母の事といい、どうしてか、レエテと自分は似通った近い運命を持っているようだ。シェリーディア自身も、父の死後、向けられていた自分への愛情を知るに至った。それを思い出し、レエテの気持ちを思いやりこみ上げるものがあったのだ。
父に死後も愛情を向ける、ルーミスも同様。
そしてシエイエスは――レエテに近づき、優しくその肩を抱いた。
「……レエテ。良かったな、本当に……。
お前のことを心から愛してくれた家族が、いた。お前が生まれたことを心から喜んでくれていた家族がいたんだ。

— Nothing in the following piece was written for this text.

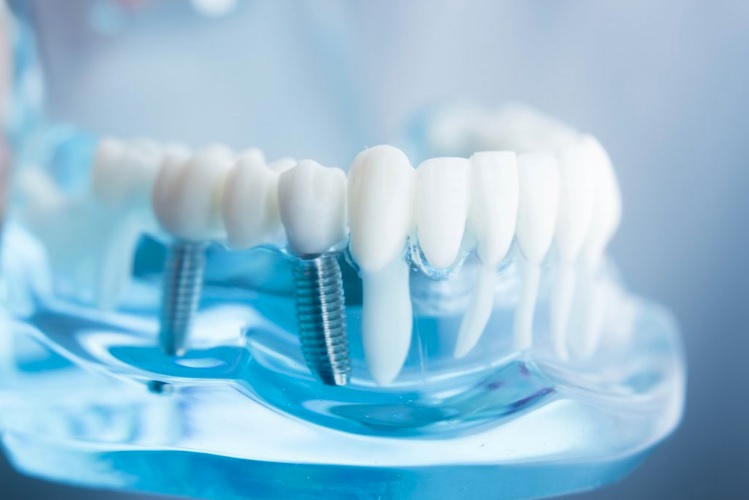 We have the best dentist for dental implant in Parramatta.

それを知って、俺も何かとても救われた気持ちだ。お前に逢い、愛情を注ぎ、思い出を作ってくれたお前の父上に――心から感謝したい」
レエテはそのシエイエスの身体を抱きしめ返し、云った。
「ありがとう……そう云ってもらえて嬉しい。今の家族であるあなたに。本当にありがとう、“シエル”――」
――妻として、ついに夫シエイエスを愛称で呼んだ、レエテ。
生きてここにたどり着き、確かな伴侶を得て愛を確かめ合う、幸せな娘の姿を――。
肖像画の中の父ノエルは、より強い慈愛の表情をもって、レエテを見詰めているかのように見えたのだった――。